Total capital expenditures in Alberta’s oil and gas sector decreased by an estimated 31 per cent to $18.9 billion in 2019, according to a new report by the Alberta Energy Regulator.

It said low energy prices, market access constraints, and higher-efficiency wells led to less capital spent on drilling programs. Several larger oil sands producers have deferred larger projects due to market and policy uncertainties, while also focusing on free cash flow towards debt repayment, increased dividends, and stock buybacks over reinvestment in capital programs, it added.

“Emerging from the challenges at the end of 2018, the oil and gas industry in Alberta adjusted to and overcame several obstacles in 2019. Despite continued market access constraints and policy uncertainties, Alberta prices and production generally improved year-over-year,” said the report, adding that the industry is expected to face significant headwinds in 2020 largely due to effects of the coronavirus disease 2019 (COVID-19).

“The North American benchmark prices for light sweet crude oil (West Texas Intermediate [WTI]) and natural gas (Henry Hub) decreased in 2019 relative to 2018, but Alberta producers were able to capture a higher price for their oil and gas. The Canadian Light Sweet (CLS), Western Canadian Select (WCS), and Alberta’s natural gas at AECO-C prices increased, narrowing the gap with the U.S. prices. Improvements in market access, key U.S. refineries coming back on line, and Alberta’s production curtailment rules played a significant role in narrowing the price differentials between the province and the United States. Pipeline project delays, maintenance schedules, and the higher cost of rail service are still persistent challenges contributing to the difference between Alberta’s pricing and the North American benchmark.

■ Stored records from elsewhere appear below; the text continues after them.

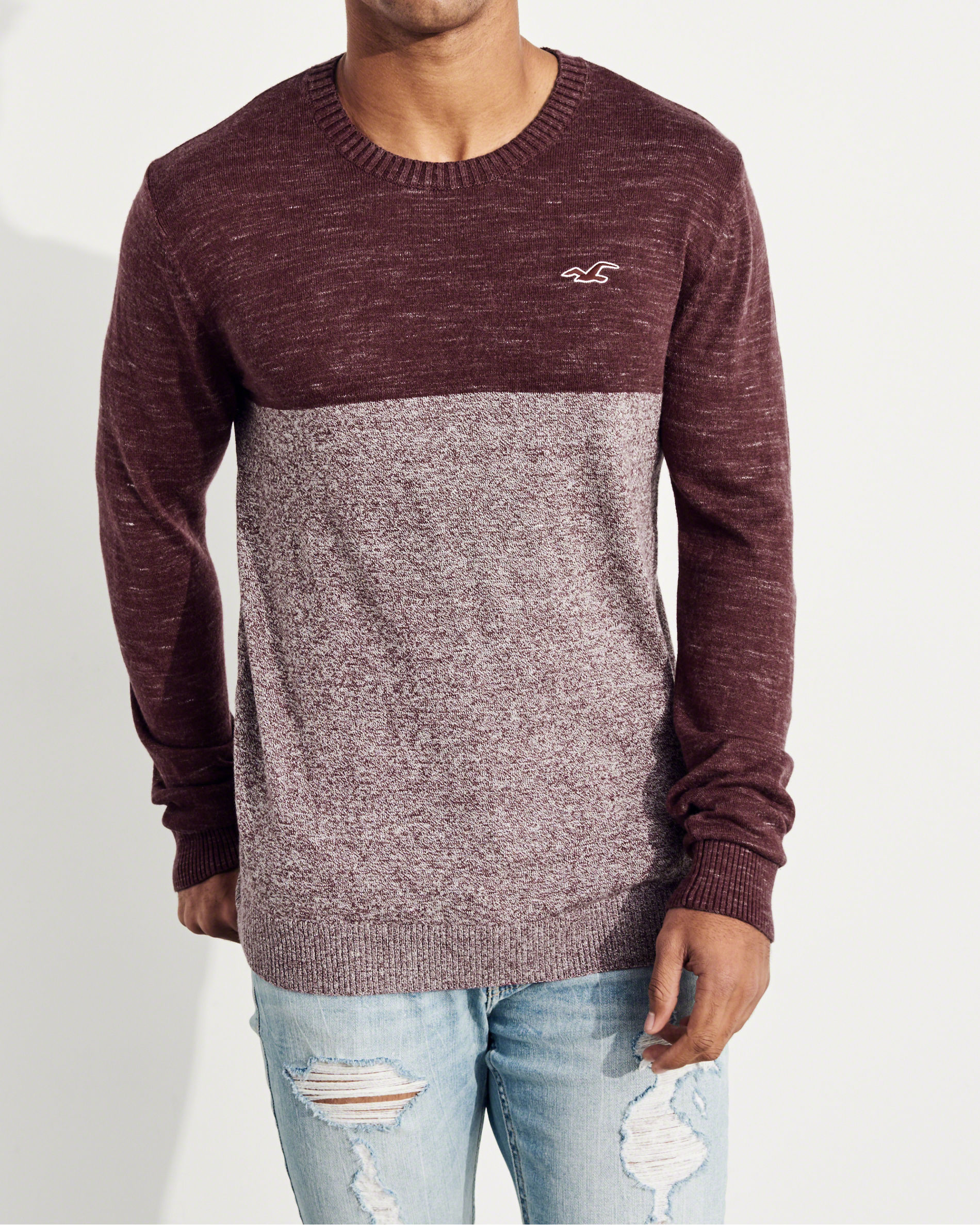 1900x2375 Hollister Crewneck Icon Sweater Premiumwear Pk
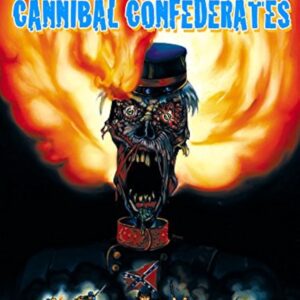Curse of the Cannibal Confederates Movie on DVD (1982)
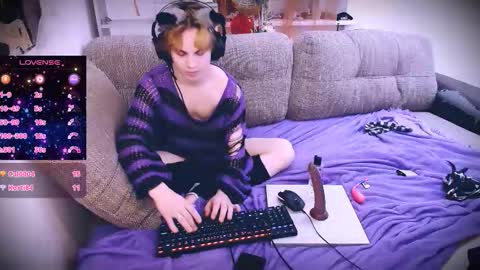 sparkyferret online show from 23, 11, 2025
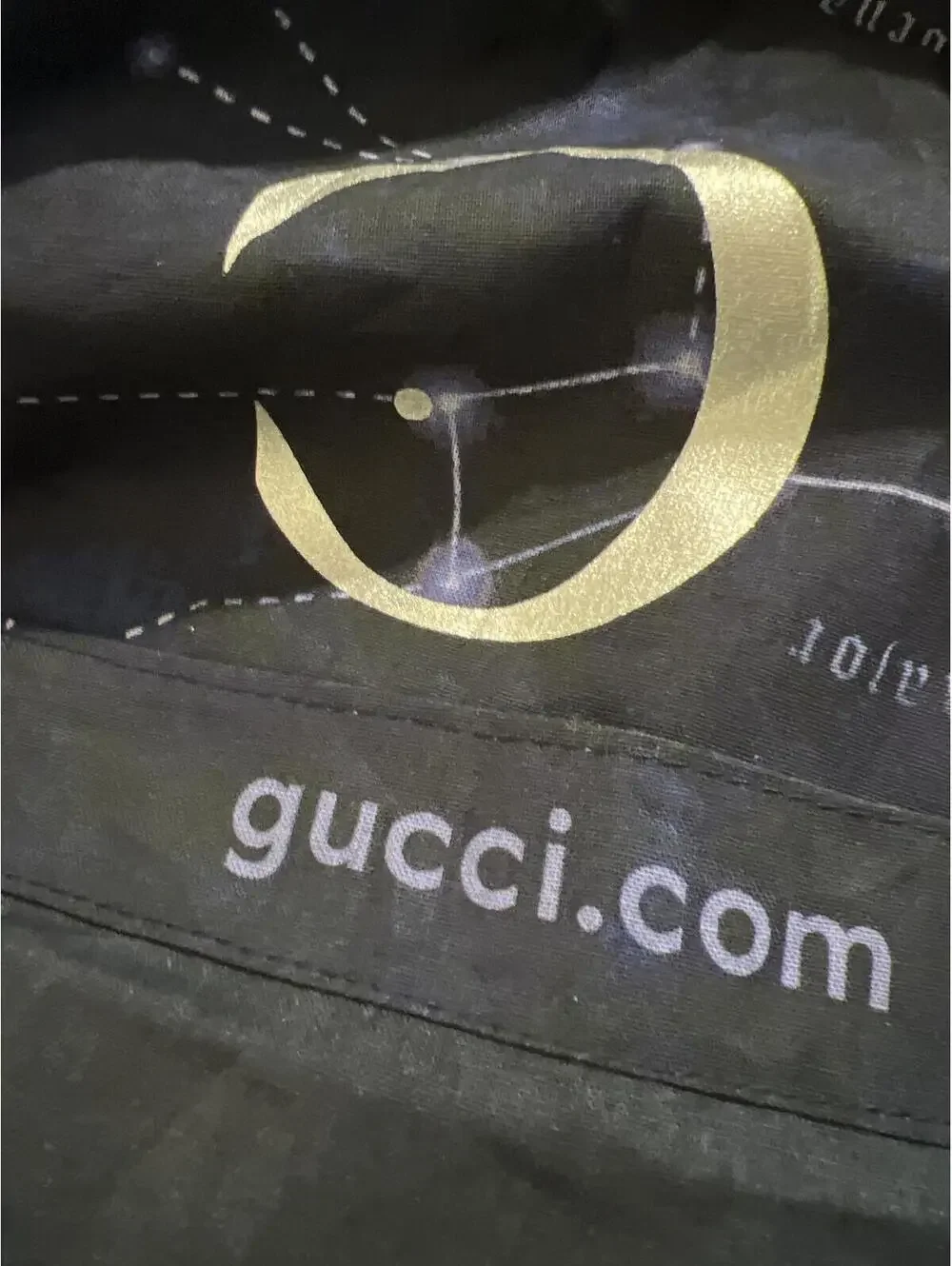 Gucci stylish tote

“Alberta’s crude oil producers started the year with a significant improvement in oil prices after the implementation of the curtailment rules in January 2019. The differential between WCS and WTI decreased from US$42.71 per barrel (bbl) in December 2018 to US$17.08/bbl in January 2019 and remained under US$13.00/bbl for most of the year. Even though crude-by-rail transportation increased in 2019, narrow differentials proved to be challenging to producers considering rail due to transportation economics. A narrow differential does not provide enough incentive to cover the higher cost of transportation by rail. An estimated price differential between US$15.00/bbl and US$20.00/bbl is considered to be an economic range for exporting oil by rail from Alberta to key destinations in North America, including the U.S. Gulf Coast. As the curtailment program relaxed and price differentials widened, producers with long-term rail contracts and facilities increased rail volumes starting in the second quarter in 2019.”

According to the Canadian Association of Petroleum Producers, capital investment in Canada for the upstream oil and gas industry is now forecast to decline to $23.3 billion this year. In January, CAPP released its 2019 estimate and 2020 forecast with the estimate at $35.1 billion and the forecast of $37 billion.

Production cuts total almost 800,000 barrels of oil equivalent per day so far this year and jump to 1.2 million including rescheduled upgrader turnarounds.